Vented and non-vented “screwless” panels
I’m in the process of building some aerodynamic bits and pieces for the DF to be used by Peter Borenstadt at the Battle Mountain event coming up in September. I’ve made him a more aerodynamic hood and now I’m working on some wheel fairings to cover the exposed tires both front and rear. The front wheel fairings will be attached to the bottom of stock DF pants. The rear wheel fairing will attach to the underside of the DF. I decided to start with the rear wheel fairing.
This fairing needed to fit the contours of the underside of the DF. Rather than building the prototype of the fairing directly on the DF, I made a mold of the rear underside of the DF and made a copy from that mold to work on.

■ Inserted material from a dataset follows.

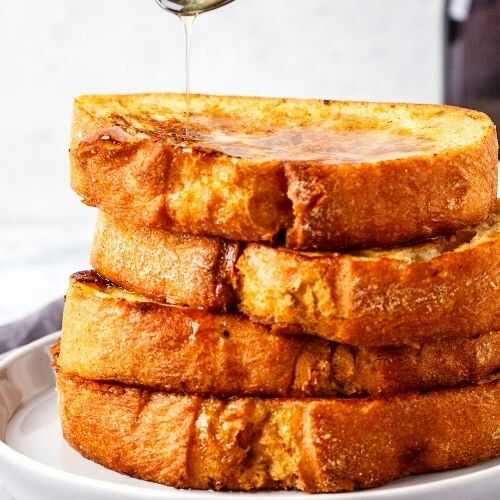 Fluffy French Toast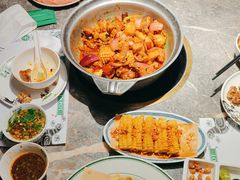 -禄婶鸡煲·打边炉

So the idea was to use the copy as the base for the plug. I would then form the fairing shape on the copy which would complete the plug. I would take a mold of the plug and I’d be ready to produce the actual part.
I designed the basic shape in Fusion 360. I translated that design to patterns to cut from a pink foam sheet using the software Slicer for Fusion 360. I then built a full scale version of that design from the foam cutouts, epoxy resin, body filler and a lot of sand paper. Next I fused the shape on to the plug base and added fillets where the vertical faces met the horizontal faces. I then made a mold of the completed plug which is the orange piece shown below.
Here as some photos of the resulting wheel fairing. The part was made with 2 layers of carbon fiber twill using the vacuum bagging technique. The final trimmed part ended up weighing 112 g.